Iterative Scientific Method Is Essential for Discovery
Even the most advanced AI models cannot discover new science without iteration against real-world experiments. (14:14) As Ecken points out, "even the smartest humans try many times before they discovered the things they discovered," and the same principle applies to AI systems. The key insight is that LLMs need to learn "the method of scientific inquiry" - conducting simulations, theoretical calculations, experiments, getting results that are likely incorrect initially, and then iterating. (14:46) This iterative process cannot be replicated through text-only training, requiring actual physical experimentation in the loop.
Existing Scientific Data Is Insufficient for Training
Current scientific literature lacks the high-quality, comprehensive data needed to train effective AI models for physics and chemistry. (15:58) The literature spans "many orders of magnitude" for reported properties, contains predominantly positive results (creating bias), and lacks valuable negative results that are crucial learning signals. (16:06) Additionally, formation enthalpy labels in synthesis literature have such high noise levels that machine learning models trained on them aren't predictive enough for practical use. (27:52) This data scarcity problem means that the experimental data Periodic Labs wants to use "actually doesn't exist" in sufficient quality and quantity.
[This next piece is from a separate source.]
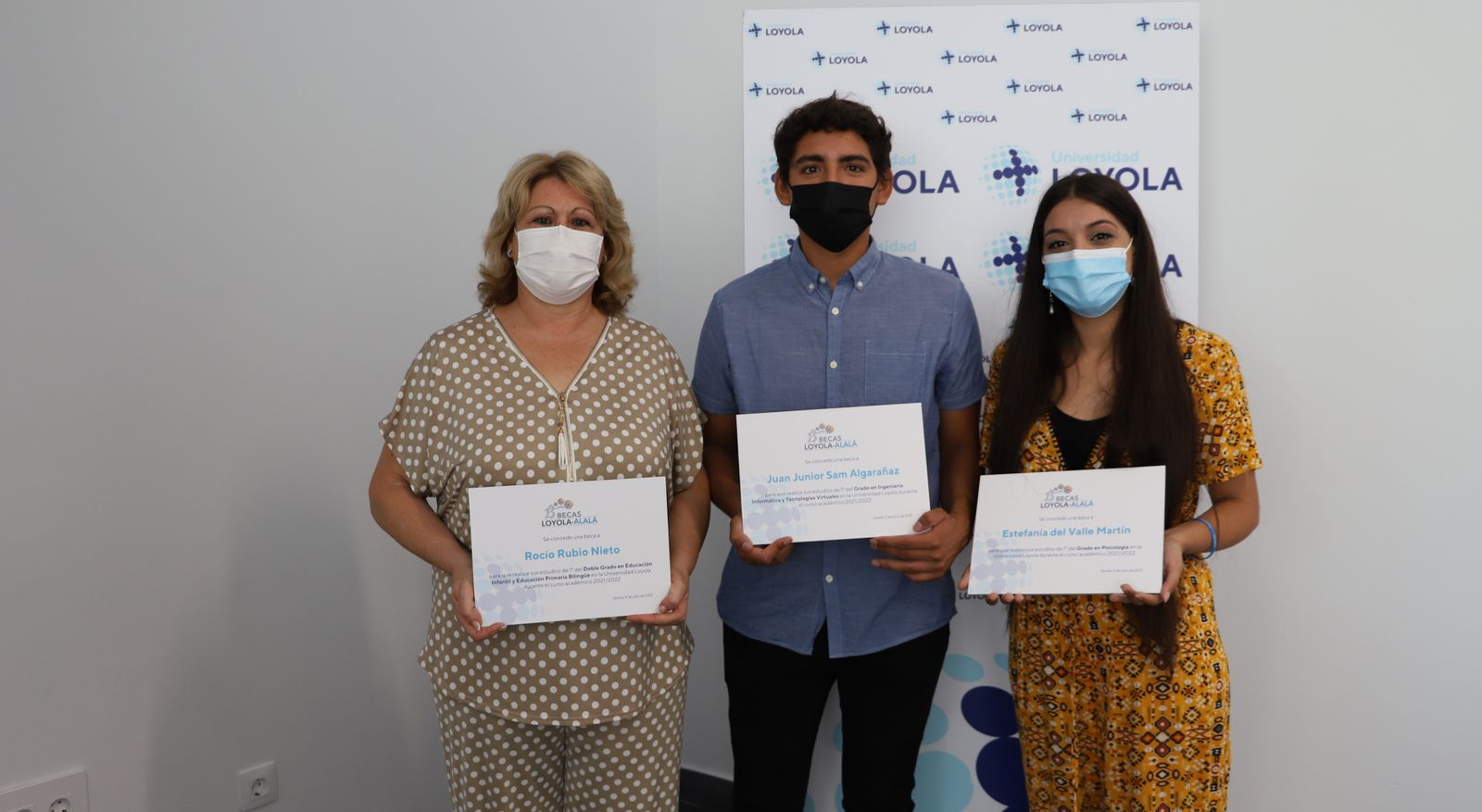 De izda. a dcha, los becados Estefanía del Valle, Juan Junior Sam y Dolores Pérez, en representación de Rocío Nieto.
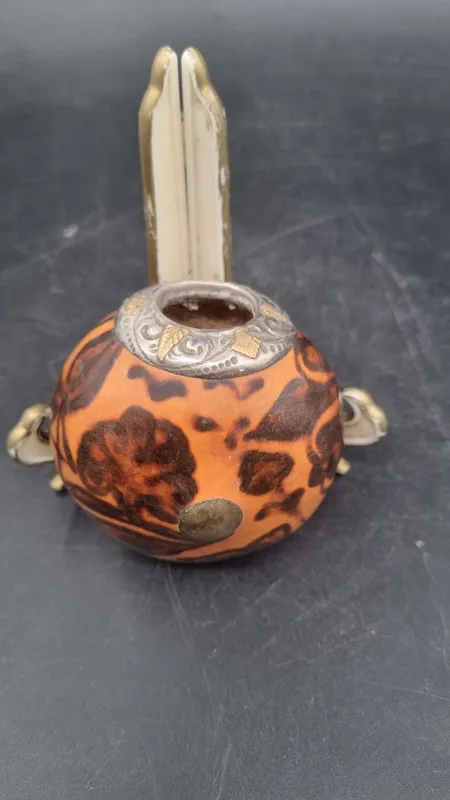 Mate galleta plata y oro con escena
Cross-Disciplinary Team Building Requires No-Stupid-Questions Culture
Successfully building AI for science requires bridging the gap between ML researchers and physical scientists through active cultural integration. (40:41) Periodic Labs implements weekly teaching sessions where "LLM researchers teach how the RL loops work, how the data cleaning works, and then the physicists and chemists are teaching about different aspects of the science." (42:05) The company emphasizes that advanced degrees aren't required because "the amount that even our best physicist doesn't know about physics is much bigger than the amount that they know about physics," making the learning curve similar for all team members regardless of background. (44:02)
Commercial Applications Enable Maximum Scientific Impact
Building a successful commercial entity is essential for maximally accelerating scientific progress, not just an ancillary goal. (39:15) The company plans to serve as "an intelligence layer" for advanced manufacturing companies across space, defense, and semiconductors, helping them accelerate R&D workflows and reduce iteration times. (39:27) This commercial strategy allows Periodic Labs to scale their impact while generating revenue to support their fundamental research goals. The approach recognizes that "technology and capital are intertwined" and that widespread adoption of AI-powered scientific tools requires proven commercial value alongside scientific breakthroughs.
Statistics & Facts
- Periodic Labs raised a $300 million seed investment led by Andreessen Horowitz, representing one of the largest seed rounds in AI history. (00:28) This funding demonstrates unprecedented investor confidence in applying frontier AI to physical science research.
- The current best ambient pressure superconductor operates at 135 Kelvin, representing the benchmark that Periodic Labs aims to exceed. (16:43) Achieving even a 200 Kelvin superconductor would constitute a revolutionary breakthrough in understanding quantum effects at high temperatures.
- The team at Periodic Labs has grown to approximately 30 people, carefully balanced between ML researchers and physical scientists. (46:03) This represents a unique concentration of interdisciplinary expertise focused on AI-driven scientific discovery.